Please use this bag for:

  • aluminum cans
  • ferrous metal cans (tin, steel)
  • plastics (#1-5 & 7)
  • glass (clear, brown, green)

In fact, according to the City of Richardson web site they actually accept:

The items below can all be placed in the blue bags:
Plastics #1-5 and #7, Aluminum, Tin, Steel, Empty Aerosol Cans, Newspapers, Mixed Paper, Paper Grocery Bags, Magazines, Catalogs, Corrugated Cardboard, Paperboard/Chipboard, Phone Books, Junk Mail, Glass Containers (All Color Glass)

Do you see how confusing this is?

I can easily go on a tirade about how so many cities spend money on recycling programs and then bemoan the fact that their citizens either don’t take advantage of the services or use them incorrectly. Which is indeed a problem, but is there any question why that might be? Maybe a little correct information would help…

Thanks so much to my friends/readers who helped me out with this!! I am gonna have a big ol’ bag of cardboard and paper this next week for pickup!

Things that are different

We have been living in the ‘burb for about 2 weeks now. There are some things that are nice (we have a bigger yard – or a yard at all, the library and civic center here is very nice, and there are a TON of city swimming pools) but some things that I have trouble getting used to.

One of these things is the recycling program in the city of Richardson.

In Dallas, we had 2 cans in the back of our house – 1 for trash and 1 for recycling. The recycling one was blue, and we just threw all our recyclables in it: paper, cardboard, plastics, metal, and glass. No sorting, just throw it all in. We barely threw away one bag of actual trash/garbage per week. All the rest of the things we used were recyclable.

Here in Richardson, they don’t use trash cans at all, for either trash or recycling. You throw your loose trash bags in the alleyway. They will not pick up any trash that is in trash cans at all, even if you buy your own trash can. I was kind of horrified at this, it looks really tacky. Just throwing what is basically loose trash back there? Ick!

Their recycling is also done in bags – blue bags. You have to purchase (pay for!) a roll of blue bags (which I am pretty sure never biodegrade), and put your recyclables in the blue bag.

However, they only take: some plastics, glass, and aluminum. No paper, no cardboard of any kind. Fortunately, the magnet school down the street has a bin where you can drop off paper only, such as your mail and magazines and newspaper. It’s a nice program because the school gets paid for all the material that is recycled.
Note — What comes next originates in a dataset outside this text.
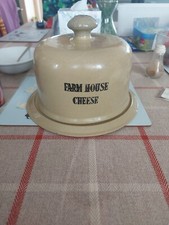 Vintage Moira Pottery Stoneware Farmhouse Cheese Tray With Dome Cover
What is driving me crazy is the cardboard! I never realized how much cardboard we recycled before. All kinds of food comes in cardboard boxes (crackers, cereal, even seitan has a cardboard outer). There are cardboard inserts in your clothing. Toilet paper rolls, paper towel rolls. Not to mention the boxes we have left over from moving that can’t be saved because they’ve survived so many moves they’ve fallen apart. And the empty kitty litter boxes… I could go on and on.

We have gone from generating only one bag of trash/garbage per week to around 4 bags. And I can’t use the earth-friendly kitchen trash bags I was using before because I have to use bags thick enough to withstand being outside in the weather while waiting for the trash pickup.

Not only am I generating more trash, but I am being forced to package it in bags that will pretty much never biodegrade. I am not going to lie to you, this is actually really difficult for me to get used to!